• Brittney Bennett

Downing conquers the runway for Native Fashion in the City

BY BRITTNEY BENNETT

EDITOR

United Keetoowah Band of Cherokee Indians tribal member Krissa Lee Downing walked the runway during the Native Fashion in the City event in Denver, Colorado, on March 23. She wore pieces from Designers Louisa Harjo of Mvskoke Aesthetic and Carrie McCleary of Plains Soul. COURTESY/BAZHNIBAH PHOTOGRAPHY

TAHLEQUAH – When Keetoowah member Krissa Lee Downing went to audition, she faced only a one in five chance of being selected to walk the runway as a model for Native Fashion in the City.


“I didn’t know if I was going to be selected,” said Downing. “There were more than 50 beautiful Native women, men, and children and only seven to 10 would be selected. The auditions were held in Oklahoma City. I wasn’t quite sure where the show was going to be until I was at the audition.”


The experience was almost a near-miss, as Downing said she only knew about auditions after being tagged in a Facebook post by a family member.


“My cousin’s wife Emily tagged me in a post on Facebook,” she said. “(Afterwards) when they announced who would be going to Denver for the show and called my name I was at a loss for words. I’ve always wanted to be a part of something like this but never found a way to do so. I am very blessed for this opportunity and will remember it forever.”


Downing officially walked the runway on March 23 in Denver.


According to its website, Native Fashion in the City is a developmental program that aims to support Indigenous fashion designers, stylists, models and photographers by giving them a platform to showcase and foster their talents in a professional environment.


The program encourages Indigenous “contemporary and traditional designs” that could be marketed to the mainstream fashion industry.


The program can assist participants by offering little to no cost business mentoring, educational seminars, webinars and coaching.


The event is also an opportunity for participants to network with others in the industry across Indian Country.

“While at rehearsals and the day of the show, I made my rounds of getting to know other models, designers, makeup artists, and photographers,” said Downing. “Everyone was very welcoming and friendly and Native! I have always promoted my Native American background and this just allows me to expand further into the Native world. I connected with many of them on various social media sites like Facebook, Snapchat and Instagram. Staying in touch with the many people I met will help me put my stamp on the fashion industry.”

It was during the first day of rehearsals for the Denver March Powwow that Downing was called to meet with Designer Louisa Harjo of Mvskoke Aesthetic. On day two Downing would also be asked to model for Designer Carrie McCleary of Plains Soul.
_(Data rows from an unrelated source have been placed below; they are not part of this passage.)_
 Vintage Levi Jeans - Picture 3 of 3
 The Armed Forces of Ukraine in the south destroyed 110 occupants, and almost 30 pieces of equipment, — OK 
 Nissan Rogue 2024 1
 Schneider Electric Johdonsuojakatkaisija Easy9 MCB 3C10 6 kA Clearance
“I had two favorite pieces of the designs that I wore,” said Downing. “One was the Plains Soul leather belt with the words ‘Still Here.’ I loved that. We are still here. We are the resilience. The other was the Mvskoke Aesthetic skirt I wore to the fashion preview and show. It was hand painted by my designer in honor of the Murdered and Missing Indigenous Women. It was also high waisted and had pockets!”
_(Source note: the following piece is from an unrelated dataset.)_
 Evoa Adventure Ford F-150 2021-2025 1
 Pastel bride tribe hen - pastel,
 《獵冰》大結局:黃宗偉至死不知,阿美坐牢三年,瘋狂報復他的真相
Krissa Downing models a skirt from Designer Louisa Harjo of Mvskoke Aesthetic honoring the Missing and Murdered Indigenous Women movement. COURTESY/DOWNING

Downing’s trip to Denver was helped made possible by Tahlequah District Representative Jeff Wacoche and fellow UKB members who hosted a volleyball tournament to raise funds for her travel expenses.

“The volleyball tournament held for me by the UKB really opened my eyes on how much our

community loves one another,” said Downing. “I didn’t expect such a large turnout. It really made me proud of my Keetoowah people. I am very thankful and grateful for all the support I received.”

Downing hails from Hulbert and didn’t always have the confidence to model, though friend and family support has made all the difference.

“Growing up my parents, family and friends have told me that I could be a model and who knew? They were right,” she said. “I never thought I could be especially coming from such a small town. I realize now that I can do what I set my mind to. I am beautiful and I can be a model.”

“I do plan on furthering myself in the fashion industry,” she said. “I wish to model for all the designers and all the companies that I can. I want to be a part of this as much as possible. I definitely plan on dipping into creating my own Native clothes. Maybe I will be in the show as a designer next year. I love embracing my Native American culture and dressing up and ‘looking cute’ has always been a keen interest of mine.”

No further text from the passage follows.